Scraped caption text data
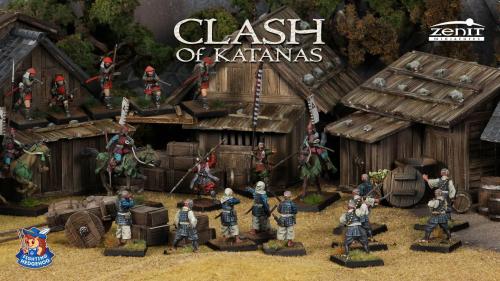 CLASH of Katanas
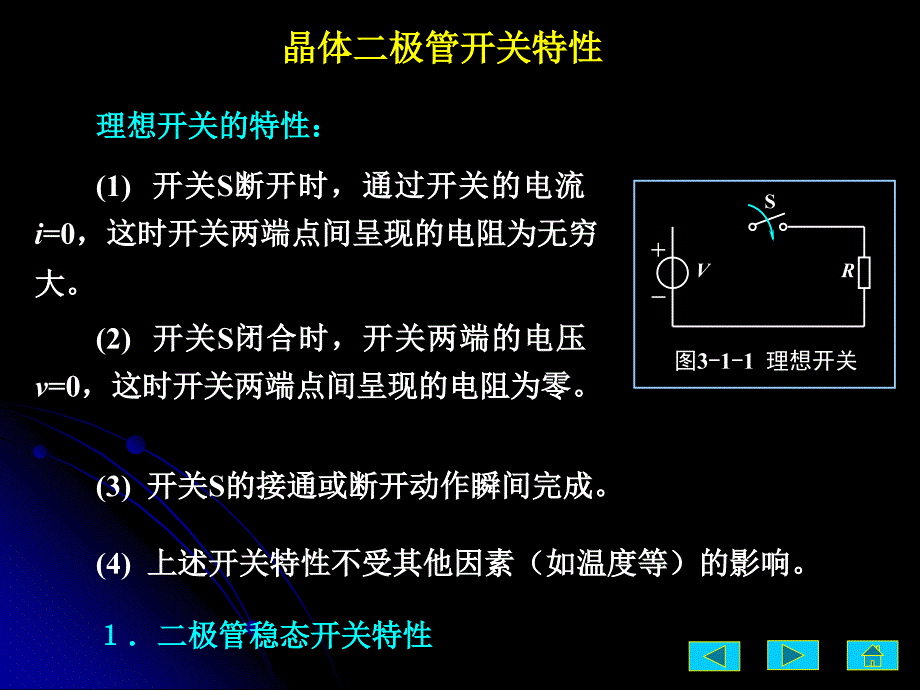 晶体管的开关特性资料课件_第2页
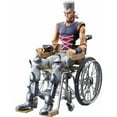 thumbnail image 1 of Jojo's Bizarre Adventure Part 5 Jean Pierre J.P. Polnareff Figure [Medicos], 1 of 2
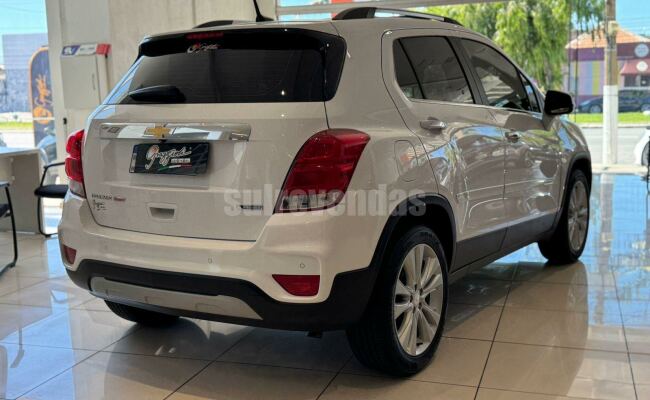 Chevrolet TRACKER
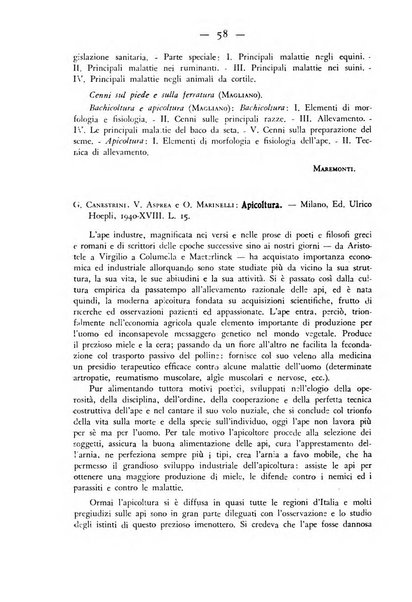 Rivista militare di medicina veterinaria Periodico bimestrale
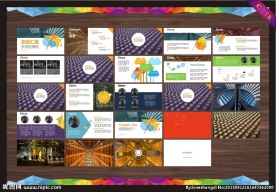 工作汇报PPT   商务PPT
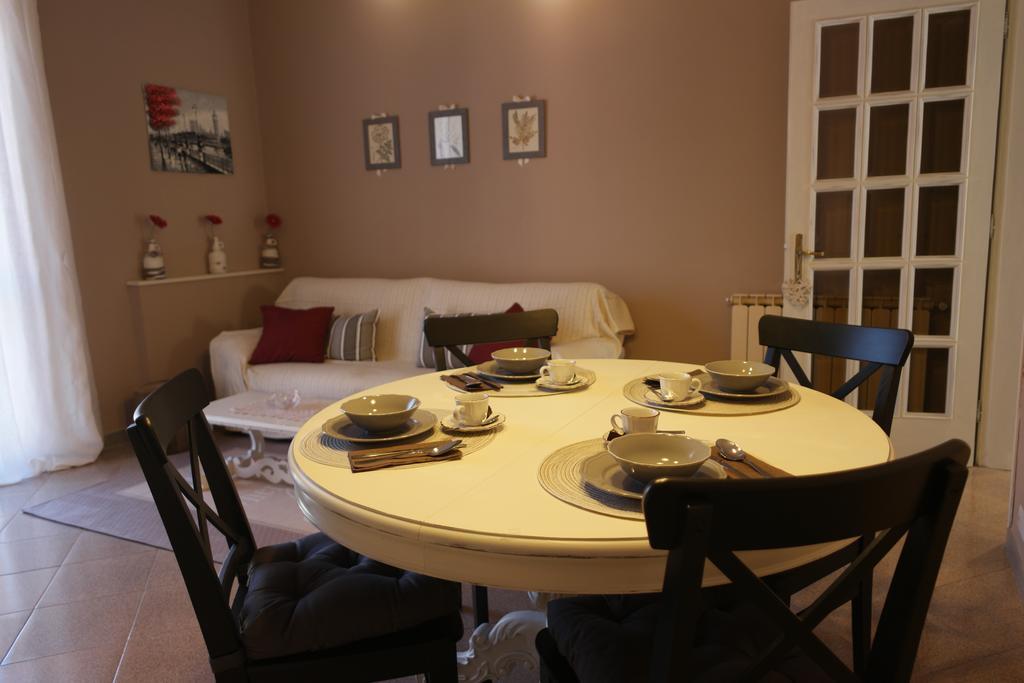 A Casa di Marirò Apartment La Spezia Bagian luar foto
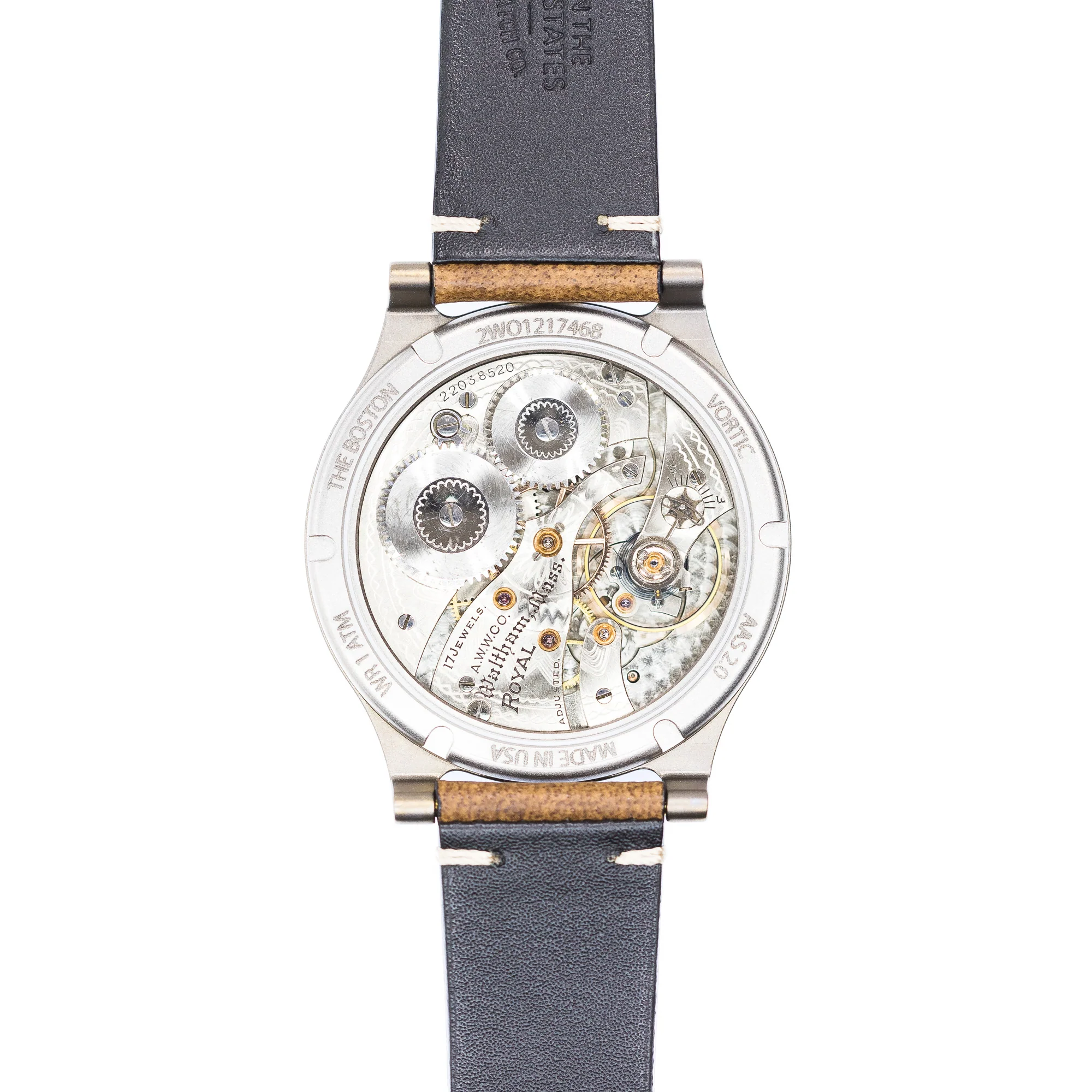 The Boston 468 (47mm) thumbnail 2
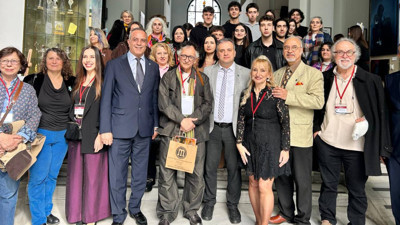 Dünya Sanat Günü’ne özel sergi: 39 sanatçı Maçka’da buluşuyor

Work instructions
Omitting the pictures, repeat all entries exactly.

Response to this task
 CLASH of Katanas
 晶体管的开关特性资料课件_第2页
 thumbnail image 1 of Jojo's Bizarre Adventure Part 5 Jean Pierre J.P. Polnareff Figure [Medicos], 1 of 2
 Chevrolet TRACKER
 Rivista militare di medicina veterinaria Periodico bimestrale
 工作汇报PPT   商务PPT
 A Casa di Marirò Apartment La Spezia Bagian luar foto
 The Boston 468 (47mm) thumbnail 2
 Dünya Sanat Günü’ne özel sergi: 39 sanatçı Maçka’da buluşuyor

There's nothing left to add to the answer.